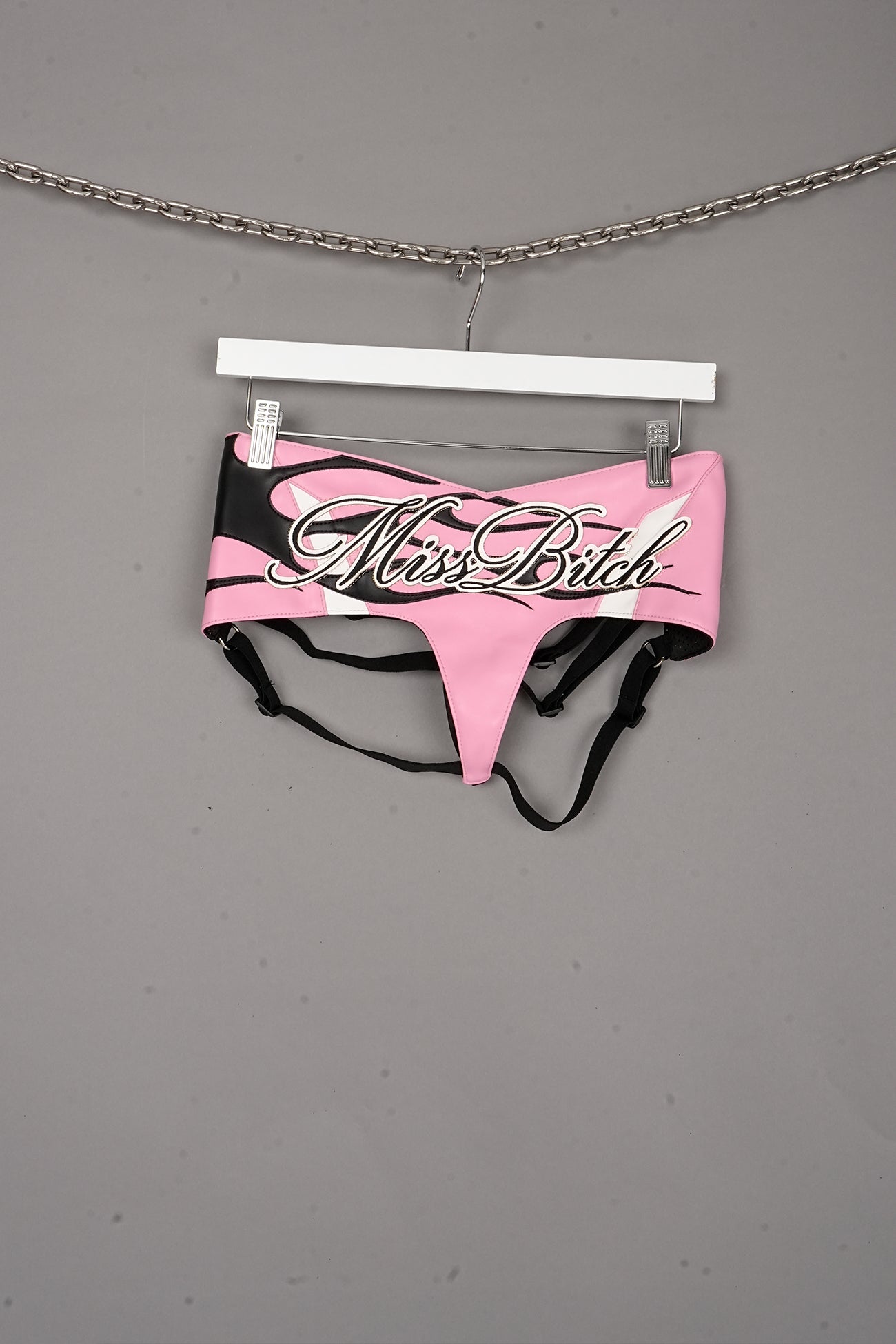 STRIPCLUB BACKLESS HOTPANTS PINK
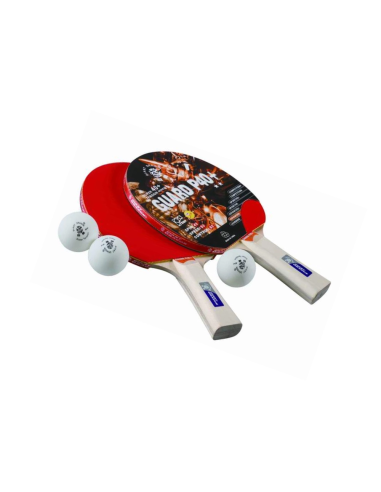 Ensemble de raquettes de Ping Pong B2 Star 2 raquettes + 3 balles en ABS. Offres raquettes de ping-pong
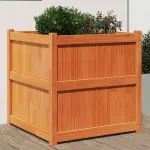 Jardinieră de grădină, maro ceruit, 70x70x70 cm, lemn masiv pin GartenMobel Dekor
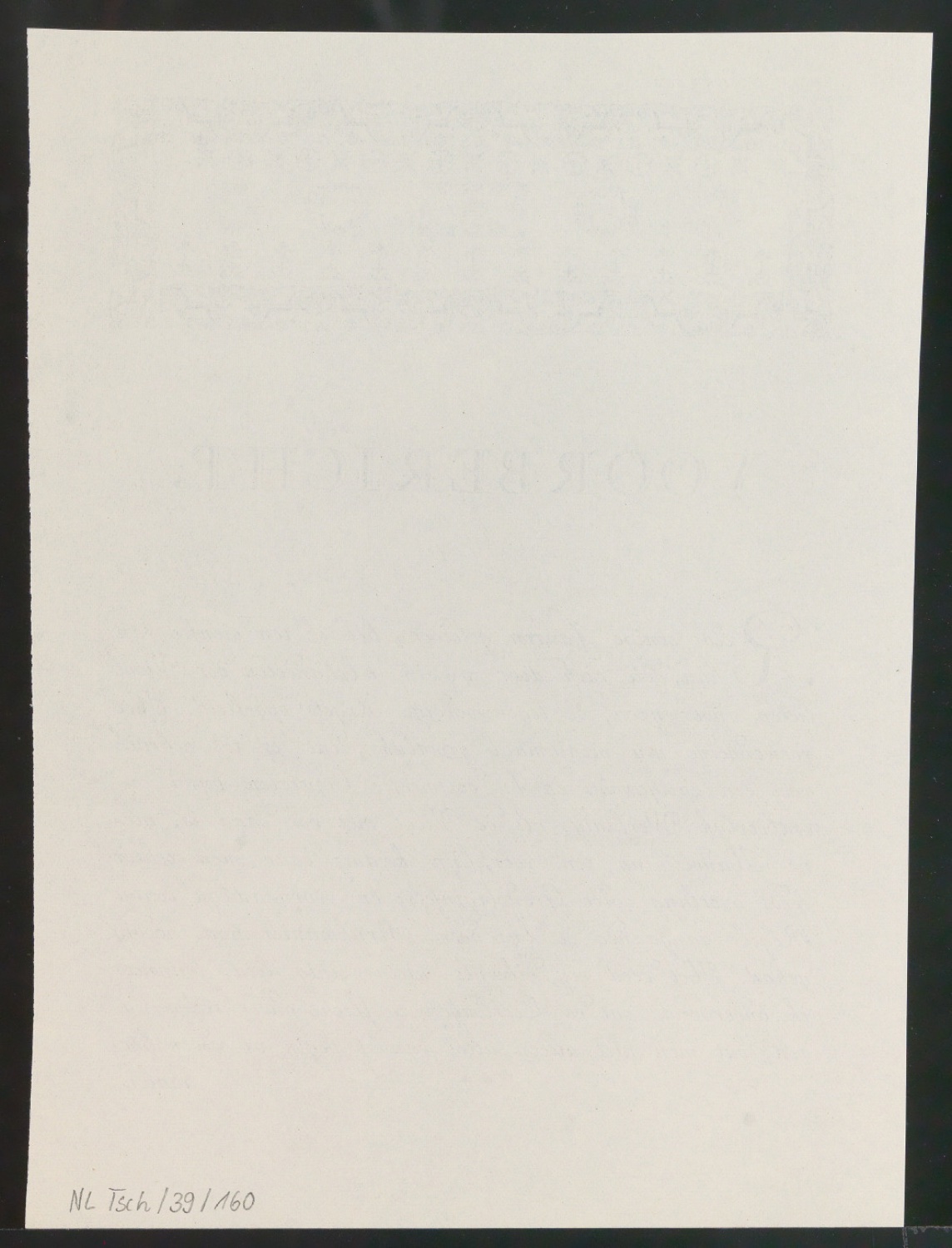 Probedrucke von Bildtafeln für Meisterbuch der Schrift — Blatt 68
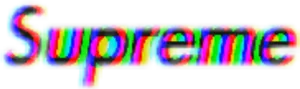 Glitchy Supreme Logo PNG
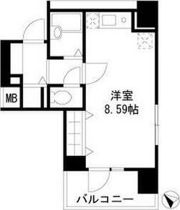ドエルイン月島の間取り画像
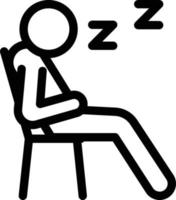 illustrazione vettoriale del sonno su uno sfondo. simboli di qualità premium. icone vettoriali per il concetto e la progettazione grafica.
+--
**Task objective:** Copy the records above from the first line through the line containing "Jardinieră de grădină, maro", both included, and leave out any pictures.

**Exercise result:**
 STRIPCLUB BACKLESS HOTPANTS PINK
 Ensemble de raquettes de Ping Pong B2 Star 2 raquettes + 3 balles en ABS. Offres raquettes de ping-pong
 Jardinieră de grădină, maro ceruit, 70x70x70 cm, lemn masiv pin GartenMobel Dekor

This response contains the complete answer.